This editorial is from the Dallas Morning News:
As Winston Churchill warned, if we ramp up the arms race, we’ll just “make the rubble bounce.”
The stakes are even higher today because so many countries have nuclear weapons — and they could set the world on fire. This moment calls for a strong, but nuanced and strategic policy, not incendiary bluster. (Attention, you-know-who).
In Europe, there’s increased talk of a European Union nuclear weapons program that would refocus France’s arsenal to protect the rest of Europe and operate under a common European command. Supposedly this plan would be enacted only if the Continent could no longer count on American protection.
Therein lies the problem. The world is rapidly moving away from reducing nukes toward adding nukes, an escalation in Europe’s military power and a break with American leadership. This is one of the consequences of Europe’s insecurity about the White House’s relationship with Russia and Russia’s more aggressive policies.
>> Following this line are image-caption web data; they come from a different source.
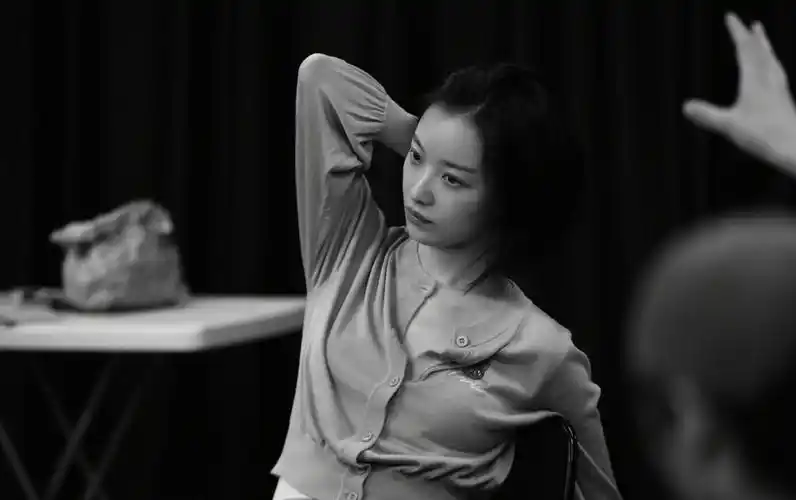 倪妮晒话剧幺幺洞捌彩排照氛围感超强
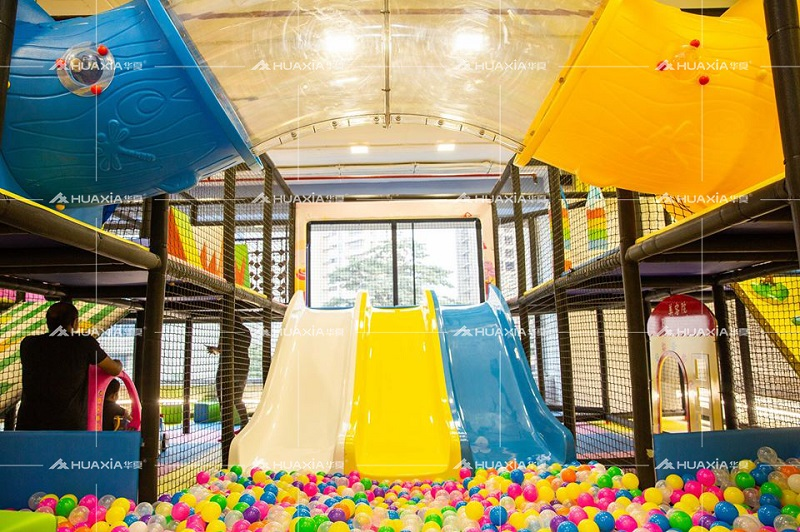 Мягкая крытая игровая площадка, спроектированная для Мумбаи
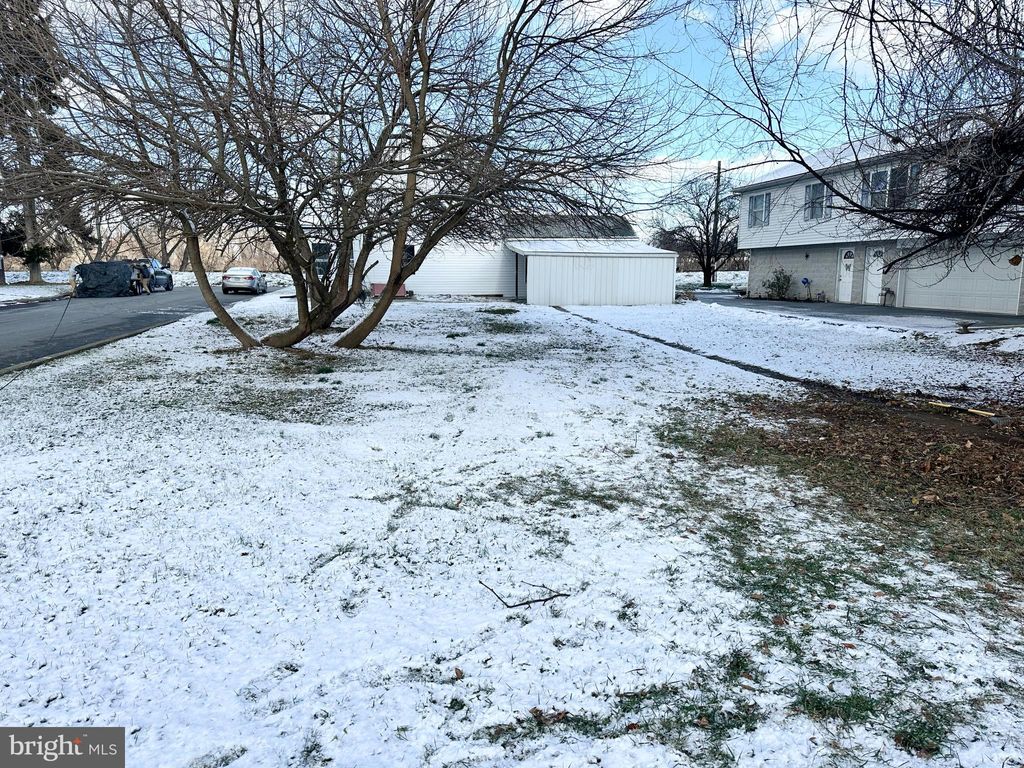Photo of 601 Water Street, NEW CUMBERLAND, PA 17070 (MLS # PAYK2095158)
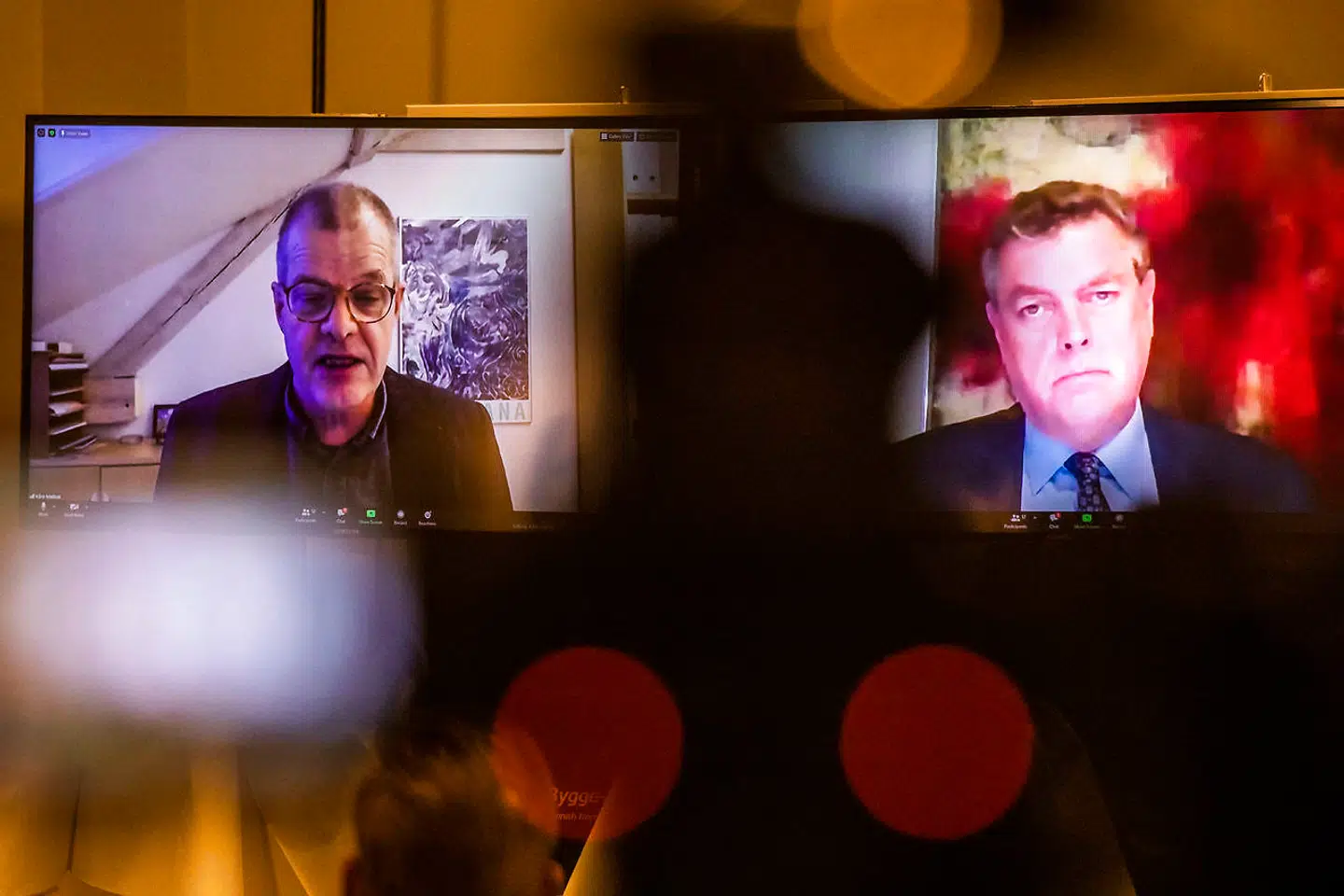 Fødevareminister Mogens Jensen og faglig direktør i Statens Serum Institut Kåre Mølbak under et virtuelt pressemøde.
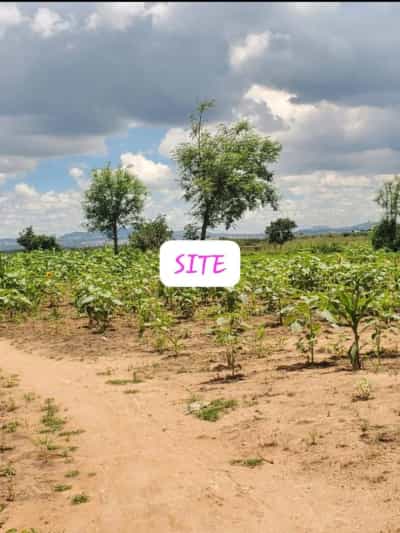 Kiwanja kinauzwa Heka, Singida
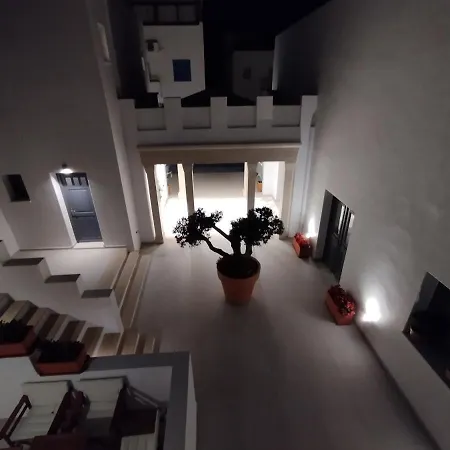 Meridiano Parikia (Paros)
Similar angst is being stirred in Asia, where Kim Jong-un has forced the proliferation issue like a teenager playing “chicken” by firing four ballistic missiles toward Japan. To counter his continuing recklessness, the U.S. is in the process of sharing its Terminal High Altitude Area Defense — known as THAAD — with South Korea, which is most immediately at risk.
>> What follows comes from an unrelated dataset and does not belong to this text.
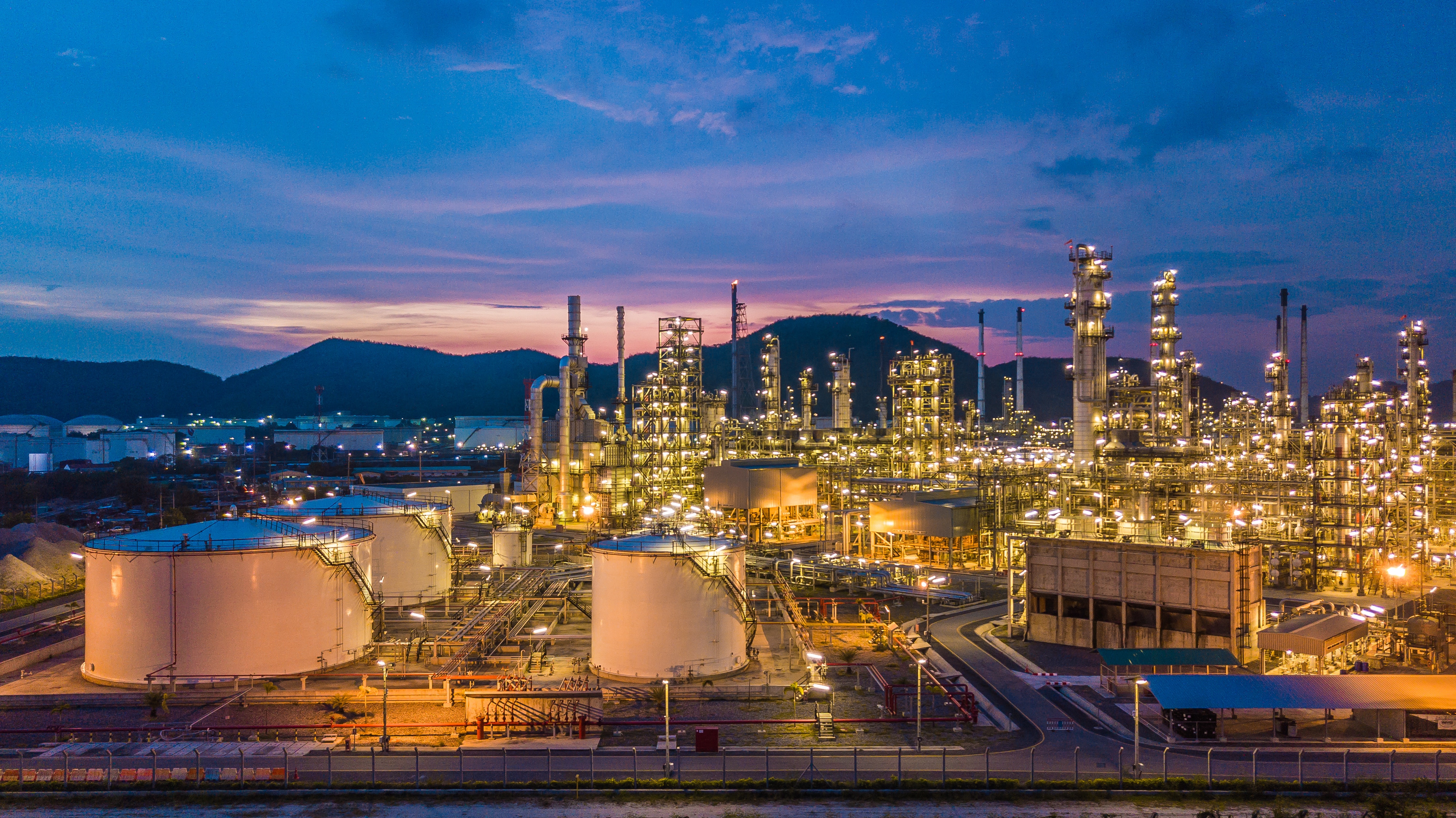 Transforming Midstream Operations | Honeywell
Both China and Russia have yelped loudly in protest — they complain the THAAD radar might allow us to peep into their military activity. But the U.S. already has that capability in other radar systems and has every right to defend itself.
At the same time, Russia has escalated stakes in the region by launching a cruise missile in violation of the 1987 INF treaty.
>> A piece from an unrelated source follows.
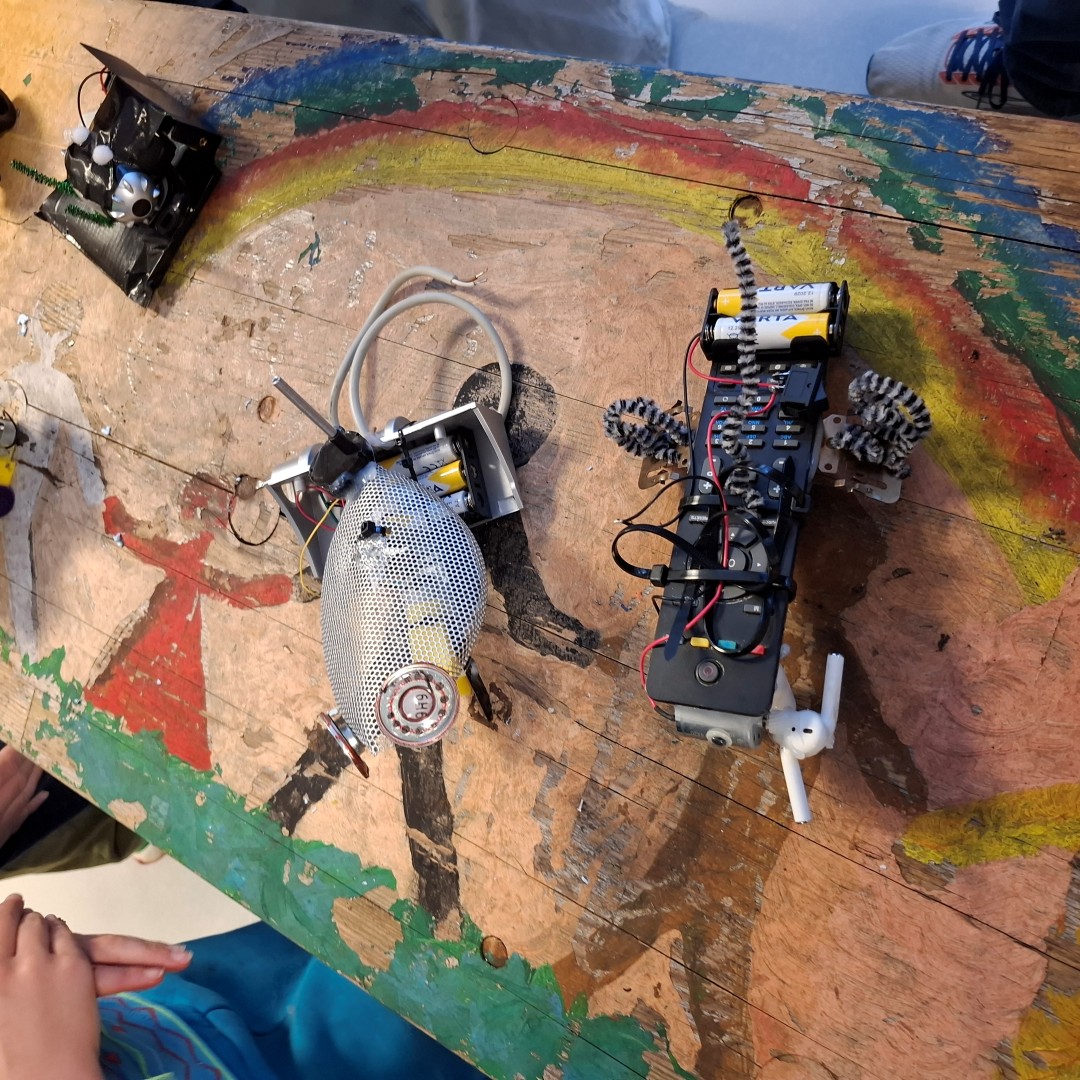 Roboter aus Schrott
The U.S. is being tested on multiple fronts. President Donald Trump’s statements have been divergent: He is on record saying, “Let it be an arms race. We will outmatch them at every pass and outlast them all.” He also talked of reaching a new arms agreement with Moscow that would reduce arms “very substantially.”
A show of strength is warranted, but it’s good to keep in mind the American arsenal is as much about reassuring allies as deterring enemies. Reassurance is about credible commitments backstopped by steady leadership. Both are now in question.
Projecting an image of sobriety and resolve must be at the core of our statecraft. We might not convince Russia and China of our best intentions, but we do have allies who want to be reassured.
Secretary of State Rex Tillerson made a start toward that goal on his Asia tour this week. When President Trump meets with President Xi Jinping in April, he should emphasize the THAAD system wouldn’t be necessary if China leaned harder on Kim Jong-un to stop provocative missile launches. And he should let his friends in Russia know — preferably by high-level talks rather than tweets — that we will make sure NATO’s deterrence forces are well-prepared with the latest technology to counter a first-strike from Russia.
An arms race is hard to stop, but U.S. policy shouldn’t speed it up.